The Forest Service uses three different categories of planes to drop retardant, classified by the size of the payload they can carry. The smallest carry less than 1,000 gallons per mission, while the typical retardant plane carries a payload of between 3,000 and 5,000 gallons.

The biggest planes in the fleet, the VLAT — for Very Large Air Tanker — can carry upward of 8,000 gallons of retardant but are too large for the runway at the Redmond Airport. Tanker bases in Medford and Moses Lake, Washington, serve the largest planes when they fly missions in the Northwest.

Jones said because planes depositing long red plumes of retardant are one of the most visible aspects of fighting wildfires, observers often have misconceptions about their role in fighting fires.

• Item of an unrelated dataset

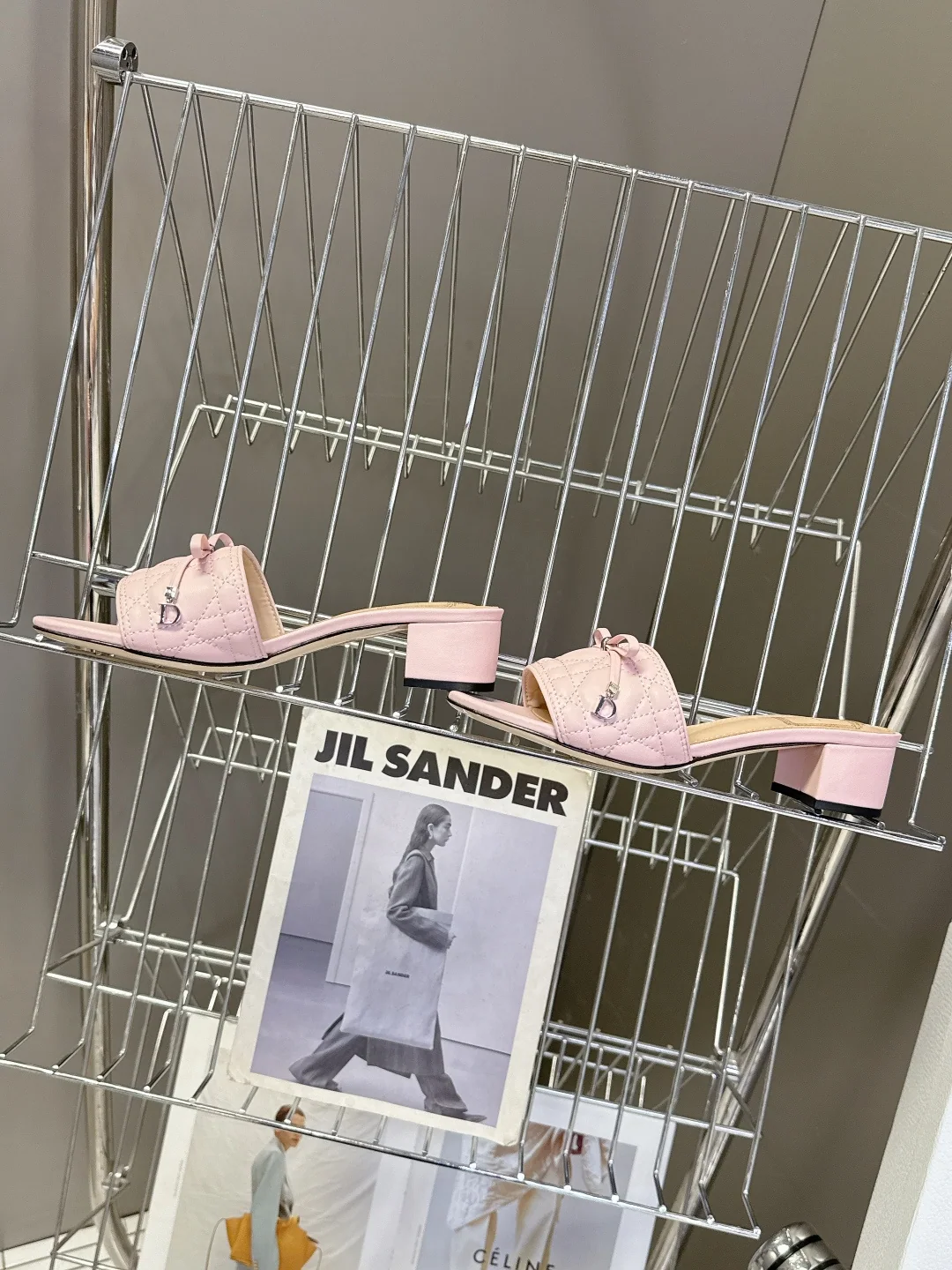 디올 퀼팅 리본 청키 힐 샌들 상세 이미지 6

Retardant is used on less than 10 percent of fires, and the Forest Service’s fleet of more than 100 water-dropping helicopters does many more flights than the 28 air tankers in service.

Although the retardant plume released by an air tanker resembles the discharge from a home fire extinguisher, it serves a different function. Jones said retardant is not particularly effective in knocking down flames but is instead dropped in the predicted path of the fire. Vegetation soaked with retardant will still burn, she said, but it burns cooler and slower, giving firefighters on the ground more time to dig lines with bulldozers, chainsaws and shovels.

Kern and Jones both said there’s been no change in firefighting tactics leading to the boost in retardant use this year, and that the decision to call in retardant drops rests with the on-the-ground fire managers.

“Aerial resources are great to have, they really are, but a fire will be won on the ground,” Kern said.